Of the 11% of North American consumers who switched banks last year (up from 10%), Millennials (19%) and mass-affluent individuals (18%) are the most likely demographic groups to switch. All switchers report that they leave most often for cheaper products and more convenient branch locations, and they also say that making the switch is getting easier and easier.
“Consumers no longer view switching banks as a hassle, which puts pressure on firms to not only attract new customers, but find ways to keep existing customers loyal,” said David Edmondson, senior managing director of Accenture’s North America Banking practice.
Satisfaction Does Not Guarantee Retention
When nearly a fifth of a bank’s youngest and most affluent customers are leaving, that’s a sure sign that customer satisfaction does not necessarily equal customer retention. The question for many banks is how to evolve from customer satisfaction to true customer loyalty. That’s especially difficult today when banks are often competing in a commoditizing industry. They get trapped in an endless loop of one-upping and matching each other on discounts and product offers.
To break out of this loop, the Accenture report states that companies need to reinvent loyalty by focusing on value, relationships and service. This is a more holistic approach to the customer relationship and goes far beyond conventional loyalty programs. Which, by the way, are generally not working: 67% of consumers do not participate in a bank rewards or loyalty program. And 17% of consumers are not sure they participate—or do not know if their bank offers one.
Adding Value to Improve the Banking Experience
Consumers overwhelmingly say that to stay loyal they want their banks to act as value discounters on their behalf. Forty-five percent of consumers say the top reason that they would stay loyal to their bank is if it offers discounts on purchases of interest—from banking products to cars, home goods, and travel.
Relevance is also key to value. No one wants a great deal or convenient access to a product or service that they would never buy. Relevance comes from rich customer data insight. Fortunately for banks, consumers are open to sharing personal data with them. Sixty-three percent are willing to share data to receive relevant product and service options.
Building Relationships to Cultivate Loyalty
The majority of consumers (79%, the same as in 2015) continue to view their banking relationships as transactional, not advice-based. To create stronger ties, banks should explore new roles, becoming a go-to resource for how consumers live, rather than being a pure financial utility. There are several roles to play, the Accenture report states, from brokering partner services to providing an open platform for buyers and sellers to interact.
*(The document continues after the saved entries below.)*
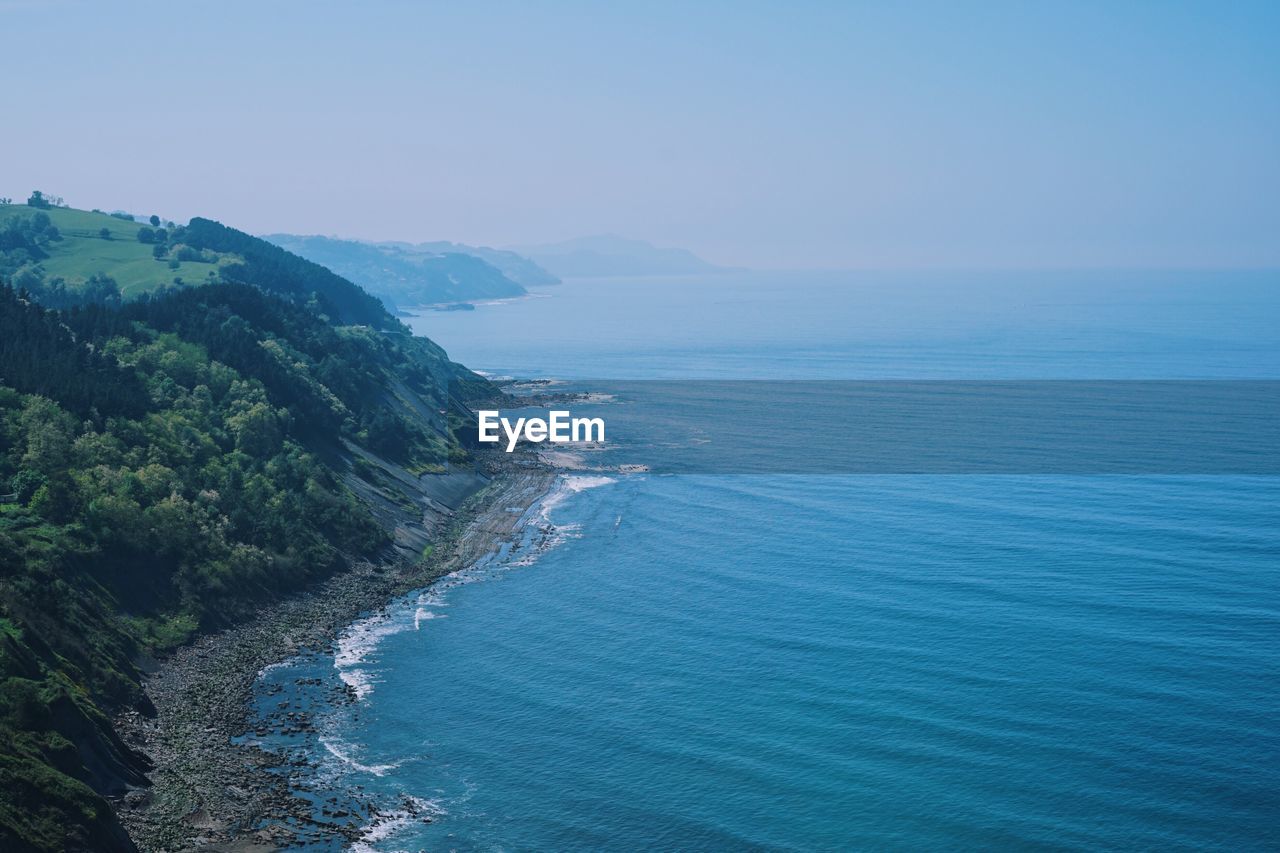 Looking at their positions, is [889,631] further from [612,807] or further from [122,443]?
[122,443]

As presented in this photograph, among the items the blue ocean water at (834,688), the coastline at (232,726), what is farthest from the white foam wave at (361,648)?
the coastline at (232,726)

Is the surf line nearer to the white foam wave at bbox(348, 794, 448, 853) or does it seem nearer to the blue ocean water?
the blue ocean water

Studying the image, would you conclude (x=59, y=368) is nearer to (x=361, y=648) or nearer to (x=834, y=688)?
(x=361, y=648)

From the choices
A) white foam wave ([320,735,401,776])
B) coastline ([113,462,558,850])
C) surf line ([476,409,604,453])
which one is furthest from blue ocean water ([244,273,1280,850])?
surf line ([476,409,604,453])

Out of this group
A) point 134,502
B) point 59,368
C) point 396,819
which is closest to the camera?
point 396,819

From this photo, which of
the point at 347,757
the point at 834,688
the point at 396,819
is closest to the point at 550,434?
the point at 834,688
Delivering real-time, personalized interactions is another way to cultivate loyalty. Digital marketing platforms can capture customers’ implicit and explicit intent through triggers such as key word searches, social interaction and transaction indicators, so banks can move beyond simple transactions.
Banks also have a very powerful tool to build and reinforce these relationships: the branch network.The vast majority (87%) of consumers, including 86% of Millennials, said that they will use the branch in the future. That’s good news in terms of loyalty. In the survey, 49% of consumers said “I trust my bank more when speaking to someone in person.”
Delivering Service on Customers’ Terms
Banks must be relentless about customer service and deliver it consistently across channels—and continually refine service based on customer feedback, according to the Accenture survey. Customers want seamless “phygital” experiences that blend physical and digital, and few banks are meeting their demands. Minimizing channel conflict will help banks stand out.
While some customers will always be driven by the deal, others are willing to pay for better service and ease of doing business. For example, the number one reason that consumers who applied for a loan in the past year would pay more is if they receive end-to-end customer service through the loan process.
Banking consumers know what they want, and are increasingly likely to switch banks to get it. Retails banks cannot wait to meet consumers’ demands for discounts, convenience and relevance. To convert customer satisfaction to true customer loyalty, they need to blend digital and branch banking in exciting new ways to deliver value, strengthen relationships and offer unparalleled service.
“Today’s consumers expect their service providers to understand and anticipate their needs and offer a seamless experience across digital and physical channels – and they expect this as much from their bank as they do from retail stores and Internet giants,” Edmondson said.